● **Exercise description**: Please output only the lines running from the one that contains "Boom! The Baby" through the last line of the data below, exactly as they stand, with no pictures.

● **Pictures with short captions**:
···

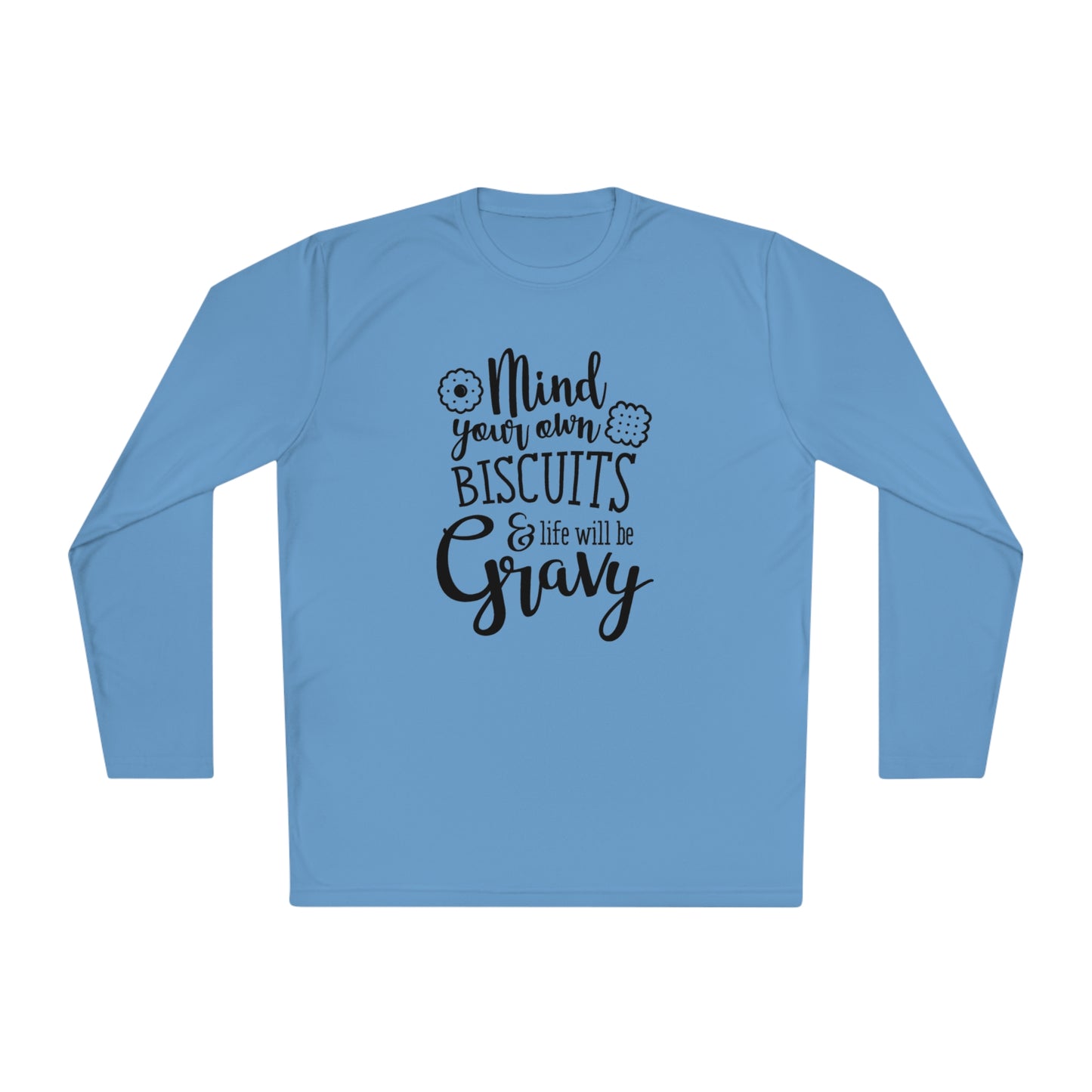 Mind your own biscuits - Unisex Lightweight Long Sleeve Tee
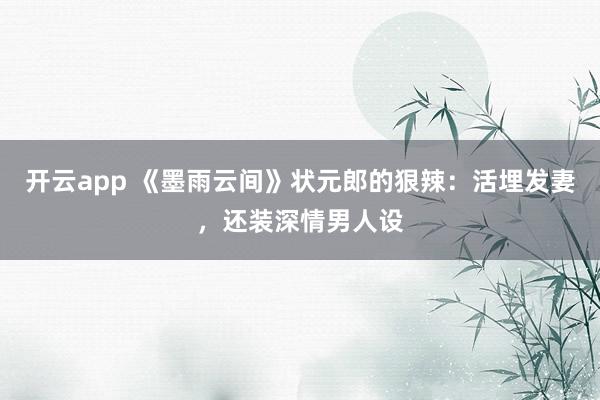 开云app 《墨雨云间》状元郎的狠辣:活埋发妻,还装深情男人设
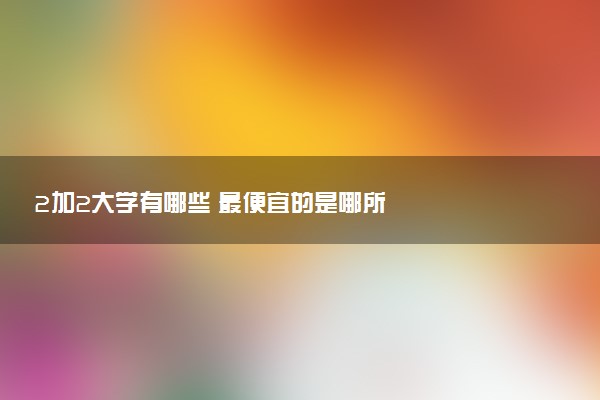 2加2大学有哪些 最便宜的是哪所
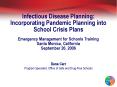 Infectious Disease Planning: Incorporating Pandemic Planning into School Crisis Plans  Emergency Management for Schools Training Santa Monica, California September 26, 2006 PowerPoint PPT Presentation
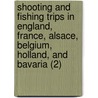 Shooting And Fishing Trips In England, France, Alsace, Belgium, Holland, And Bavaria (2) by Lewis Clements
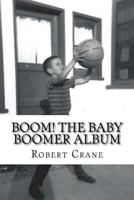 Boom! The Baby Boomer Album 1976023785 Book Cover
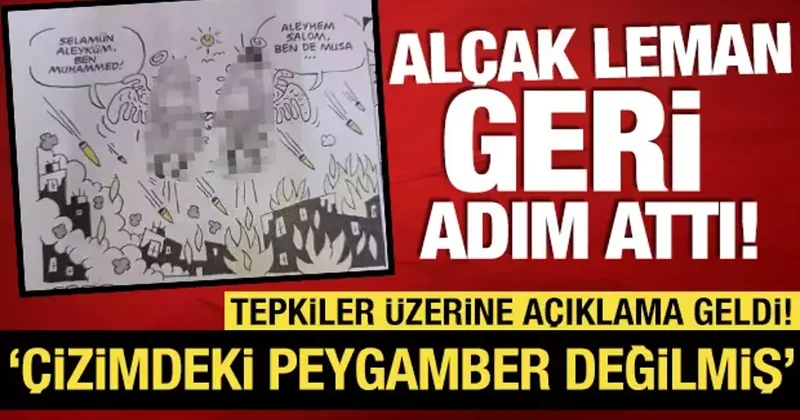 Tepkiler sonrası Leman dan açıklama: Çizimdeki Peygamber değil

···

● **Written reply**:
 Boom! The Baby Boomer Album 1976023785 Book Cover
 Tepkiler sonrası Leman dan açıklama: Çizimdeki Peygamber değil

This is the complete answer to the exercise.